The Third Component of Integral Mission

I’ve been feeling bad about my first blog post on the EA, Oasis and sexuality. Not because I regret expressing those views or because I’ve changed my mind, but simply because in a tiny way it has fed into the evangelical obsession with sexuality that is more than a little misplaced. So I’m sorry.

In a context where the majority of the world still don’t know Jesus Christ and a child dies of hunger every 10 seconds (3 million a year), it strikes me as grossly insensitive to put that much effort into discussing where evangelicals draw their boundaries – frankly, does it really matter? What makes the 3 million children dying each year from malnutrition (or related causes) particularly poignant is that the world has enough food. It was Amartya Sen (recently voted Prospect Magazine’s top thinker of 2014) who was one of the first to point out that the problem isn’t a global lack of food, the problem is a lack of adequate distribution. In Development as Freedom, he wrote,

“No famine has ever taken place in the history of the world in a functioning democracy — be it economically rich…or relatively poor.” “Famines are easy to prevent if there is a serious effort to do so, and a democratic government, facing elections and criticisms from opposition parties and independent newspapers, cannot help but make such an effort.”

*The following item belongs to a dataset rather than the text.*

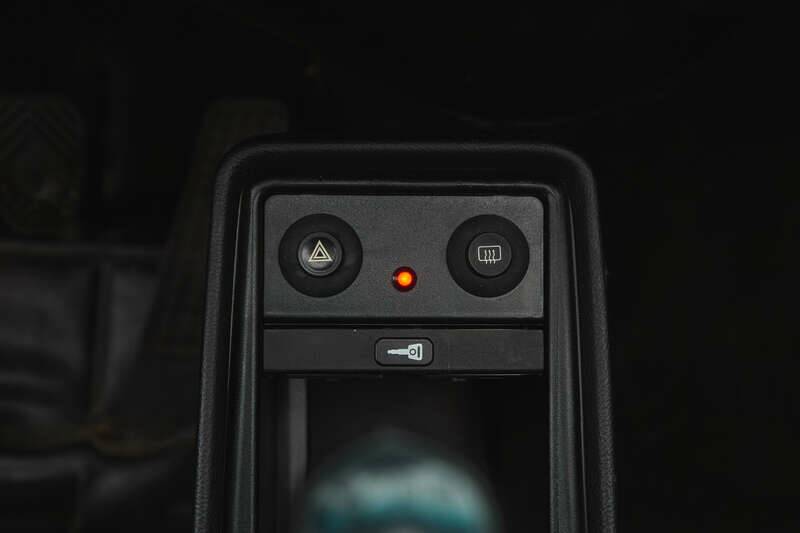 Image 42/50 de Porsche 911 Carrera 3.2 (1989)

This was a point that I don’t think the recent IF campaign made enough about. But the reason I raise this issue is that it illustrates an issue that I still think evangelicals haven’t quite grasped properly. In the late 19th and early 20th Century, we forgot our previous historical embrace of a holistic gospel and for about 50 years or so embraced a bizarre and highly unbiblical emphasis on soul-winning alone. In the late 1960s and 70s, we recovered the far more biblical emphasis on the so-called social gospel and Holistic Mission was rediscovered.So in 1968, The Evangelical Alliance Relief Fund (TEARFUND) was born; in 1974 the Lausanne Covenant, which explicitly affirmed both evangelism and social responsibility, was written; and since then Integral Mission has become the only word on the street that matters. I have written about this elsewhere.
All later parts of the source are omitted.